Bair, the author of “Bull by the Horns” and “Fighting to Save Main Street from Wall Street,” stated that a majority of Americans favor a system of accountability, but “Washington’s love affair with big finance continues.”

Timothy GeithnerShe argued that any efforts to reform the system have been inadequate. “The hard work to force mega-banks to raise more capital, replace their unstable short-term funding with long-term debt and simplify their legal structures is at best, half-done.”

The former FDIC head said that the former Treasury Secretary has conceded that he’s not concerned about continuing with the “too big to fail” measure for financial institutions. Bair is worried that Geithner’s inability to recognize that instability is generated when Wall Street thinks it can control the federal government.

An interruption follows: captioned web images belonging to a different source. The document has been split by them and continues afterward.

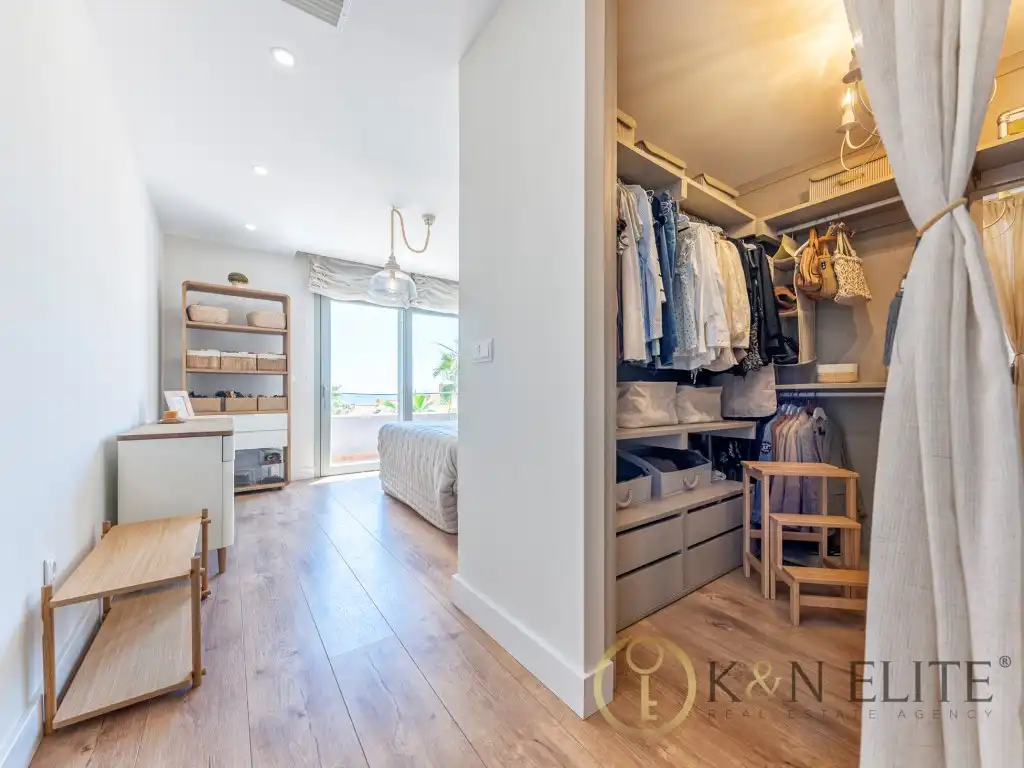 Casa 464 m² a Alacant / Alicante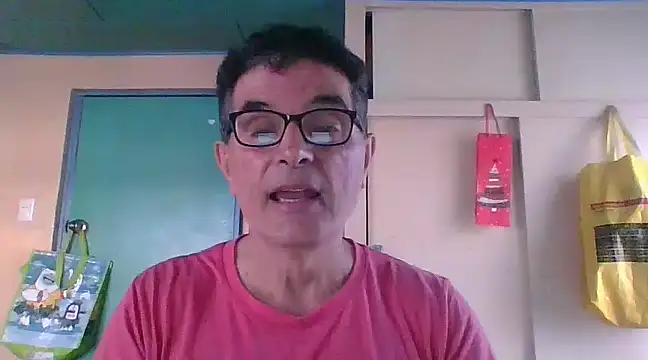 Snapshot of kavir-sebastien chatting on 12, 2, 2025 kavir-sebastien online show from 12, 2, 2025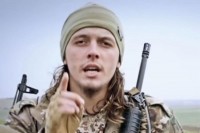 Na suđenju Jasminu Keseroviću emitovan video-snimak sa pozivom na ubijanje hrišćana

“He accepts the risks of moral hazard when it comes to bailing out homeowners, but not the mega-banks. He almost naively assumes that the titans of Wall Street can somehow rise above the temptation to take outsized risks when they know the government will always be there to bail them out,” Bair noted. “Tim’s justification of the bailouts is based on a false dilemma: that our only choices were either to do nothing or to pursue the over-the-top measures, which we did.”

Bair concluded that she would feel a lot better if Geithner was in favor of avoiding bailouts in the future. Instead of supporting genuine reforms, wrote Bair, Geithner thinks Washington has done it can or should do.

“I think we should apologize for the bailouts. He wants to be thanked for them,” Bair ended the op-ed. “But if we glorify regulators when they bail out the industry, while savaging them when they try to regulate it, what kind of system will we have?”

Bair isn’t the first one to oppose Geithner or the bailouts. As we reported, David Stockman, former Reagan budget director and author of “The Great Deformation,” called Geithner a “bag carrier for Wall Street.”

In 2010, then-Texas Republican Congressman and three-time presidential candidate Ron Paul called for the administration to fire Geithner for his involvement in the AIG bailout scandal, and noted that it was another example of why the Federal Reserve should be stripped of its powers and must be audited.

“These banks should have suffered the consequences of the huge risks they were taking,” stated Paul. “After all, they kept plenty of rewards when times were good. Instead, the Fed found a way to socialize these major losses so these banks could survive and continue making more bad decisions, at the expense of the American people and the value of the dollar.”

Paul accused Geithner of having aided the banks from hiding the fact from taxpayers that the banks were compensated for bad decisions.